CHICAGO — A promising lead surfaced Wednesday when Chicago Police found a gun in a rubbish-strewn lot just down the street from where the nephew of Academy Award-winning actress Jennifer Hudson was found shot to death in an SUV on Monday, authorities said.
The gun was found about 1:30 p.m. in a lot on 14th Street between Kildare and Kolin by three probationary officers during a search of the area near where the body of 7-year-old Julian King was found in a white Chevy Suburban.
The SUV was found in the 1300 block of South Kolin.
Julian and the SUV had been missing since Friday afternoon, when the boy's mother, Julia Hudson, came home to find her mother, Darnell Donerson, 57, and her brother, Jason Hudson, 29, shot to death. Julia Hudson is Jennifer Hudson's sister.
The gun and other evidence have been turned over to the Illinois State Police crime lab, Chicago Police Department Chief Nick Roti said.
The gun will be compared with shell casings recovered at the Hudson home in the 7000 block of South Yale. Sources said the gun used in the slayings of Donerson and Jason Hudson was thought to be a .45-caliber weapon.
Police spokeswoman Monique Bond refused to comment on the caliber of the gun found Wednesday. A law enforcement source said it appeared to be a .45-caliber gun.

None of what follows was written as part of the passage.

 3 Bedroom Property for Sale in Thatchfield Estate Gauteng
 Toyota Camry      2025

Investigators were continuing to pursue evidence in the case. Julia Hudson's estranged husband, William Balfour, 27, was arrested Friday after police tracked his whereabouts around the city. A Chicago Police alert issued hours after the bodies of Donerson and Jason Hudson were found named Balfour as a suspect in the killings and said he might be in the Suburban with Julian.

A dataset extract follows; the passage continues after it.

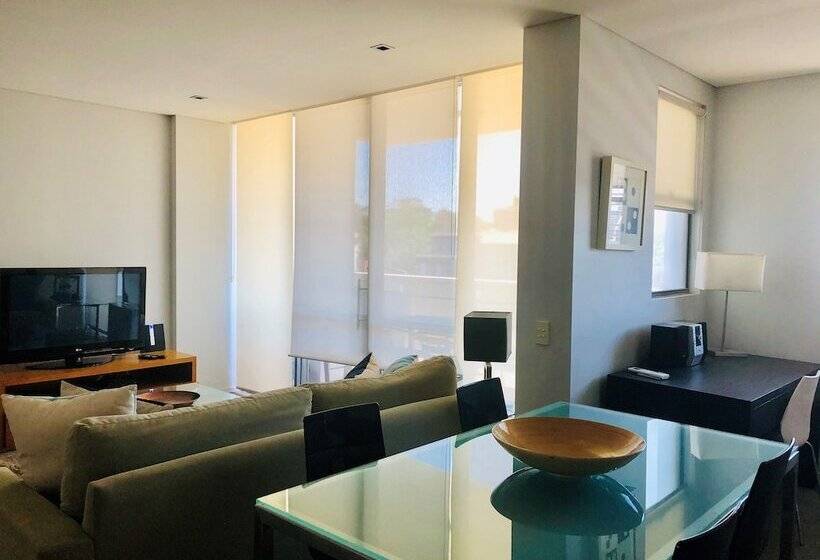 Wyndel Apartments   Clarke Street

Since then, Balfour has been transferred to the custody of the Illinois Department of Corrections on a parole violation. He will remain there until at least Nov. 10, when the state prisoner review board will consider the violation. The violation stemmed from his failure to meet anger management and substance abuse counseling requirements of his 1999 sentencing for an attempted murder and vehicular carjacking conviction.
Balfour and Hudson were thought to have been arguing about several issues, including car payments and whether Julia Hudson was seeing someone else, sources said. Balfour is also thought to have been at the Hudson home early Friday, before the time neighbors say they heard shots fired between 8 and 9 a.m., sources said.
There are also reports from witnesses that he was seen later Friday morning — between 11 a.m. and noon — in a vehicle matching the description of the Chevy Suburban in the 1900 block of South Spaulding, where he was arrested later Friday.
Police are still gathering details about where Balfour was Friday and how he was getting around.
The leading theory is still that there was only one assailant inside the Hudson home.
Balfour has not been charged in the Hudson slayings.